Perché costringono i loro figli a fare una cosa che non rientra nei loro
progetti di vita? Perché portano i figli a messa mentre loro vanno al bar a
bere un caffè? Che senso ha una cosa così? Non è una grande ipocrisia, una
perdita di tempo?
Senza dubbio in questi genitori non è chiaro
che la messa è il centro della vita di fede, il culmine e la fonte da cui si
genera la vita Cristiana. È stato Gesù Cristo, infatti a dire: fate questo in
memoria di me. Il percorso del catechismo è un cammino che conduce ad
approfondire la conoscenza di Gesù e della sua comunità, che si trova alla
domenica per celebrarlo. Più chiaro di così! Devo disegnarlo?
Ho
constatato il dato che pochissime coppie considerano la comunità parrocchiale
una risorsa su cui investire, per un arricchimento spirituale e umano. Per la
maggior parte dei genitori che ho incontrato, il catechismo dei propri figli è
una cosa che va fatta e che la parrocchia deve dare. Non ci sono, dunque,
motivazioni spirituali o ecclesiali, ma più che altro sociali: è giusto che mio
figlio, mia figlia possa avere quello che gli altri hanno. Ho provato a
spiegare che il catechismo non è obbligatorio, che lo Stato non interviene con
l’esercito se un bambino non va al catechismo. La Chiesa è un’entità privata,
con i suoi tempi, il suo calendario, i suoi riti. Facciamo delle proposte in
linea con il Vangelo che c’ispira idee sempre nuove, ma aderisce chi vuole.
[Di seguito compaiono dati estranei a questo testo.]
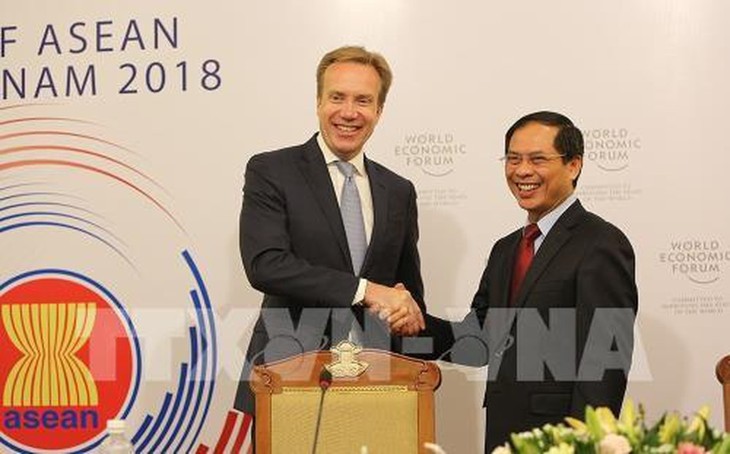 WEF-ASEAN 2018 menyosialisasikan citra tentang satu kawasan ASEAN yang bersolidaritas, makmur dan mandiri - ảnh 1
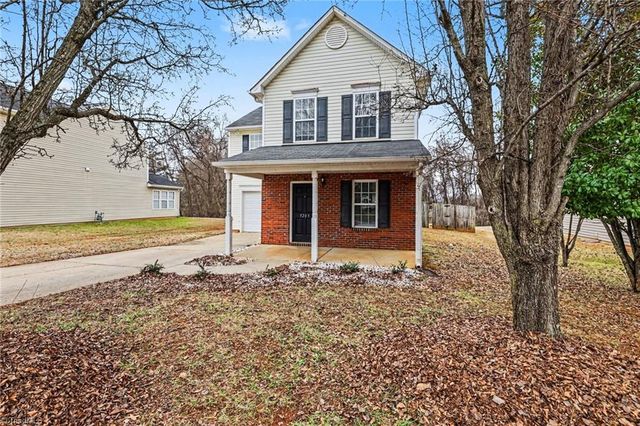 5205 Mystic Oak Drive, Browns Summit, NC 27214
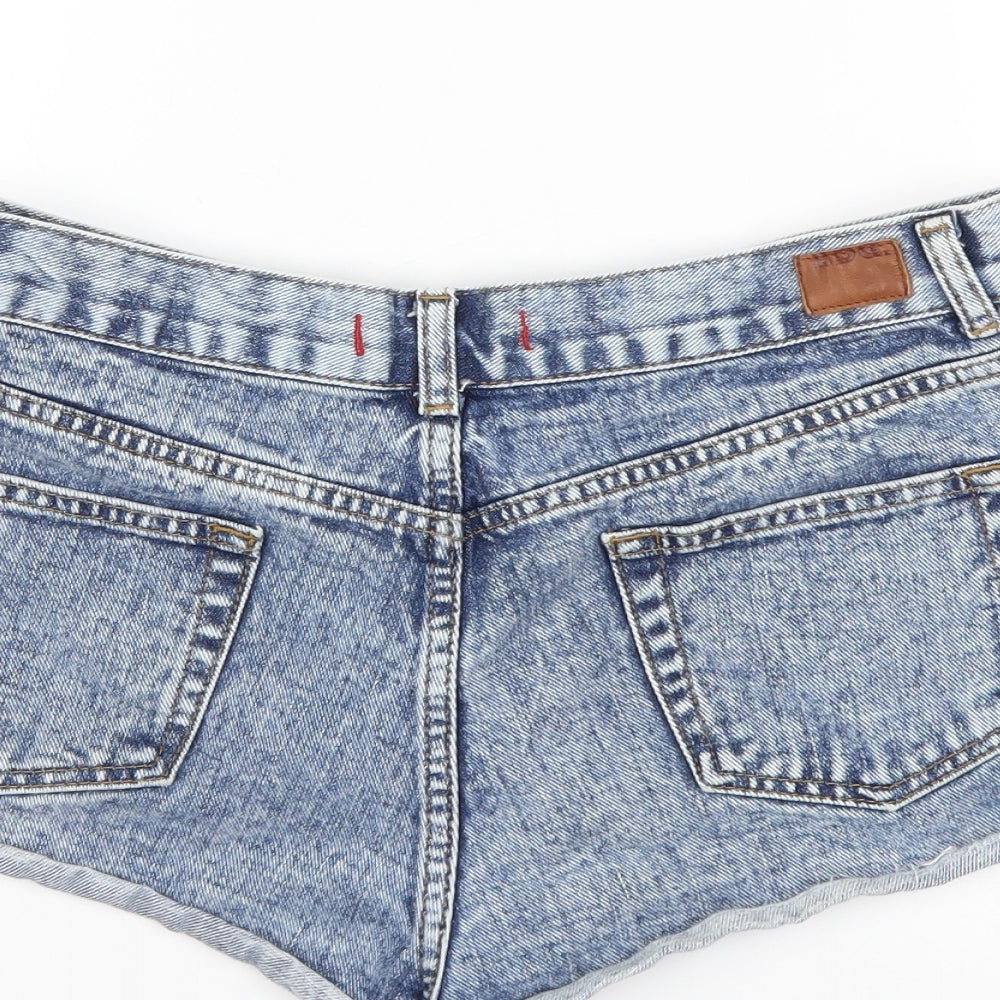 BDG Womens Blue  Denim Hot Pants Shorts Size 32 in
Solo una signora si è messa in discussione sulle tante che ho incontrato. Nel
catechismo noi proponiamo lo stile di vita di Gesù, che è una scelta libera:
non è un obbligo.
In
pochi c’è la consapevolezza di che cosa sia una comunità cristiana, che non è
un’associazione e nemmeno la proloco. Pochissimi comprendono che la messa
domenicale è il centro del cammino di fede di coloro che trovano in Gesù e
nelle sue parole il senso della vita. Non a caso, nelle parrocchie i bambini
con i loro genitori, spariscono letteralmente durante i mesi estivi. Ciò
significa che, per queste famiglie, la catechesi non è altro che un corso come
gli altri, che ha una sua durato e, alla fine, c’è il diploma. Ho provato varie
volte a spiegarlo con il Vangelo alla mano che, in realtà, si tratta di
un’altra cosa: non c’è verso.
Forse è giunto il tempo per la Chiesa d’impostare
una pastorale che non tenga conto dei numeri, che non stia più a preoccuparsi
se tra i banchi c’è poca o molta gente. L’importante è che chi entra dalla
porta della chiesa sia consapevole di ciò che sta facendo, sia desideroso di
conoscere Gesù Cristo, il suo Vangelo. Forse arriveremmo ad avere comunità i
persone che si vogliono bene, che si dedicano con gratuità e disinteresse al
servizio dei fratelli e sorelle, soprattutto i più piccoli e bisognosi.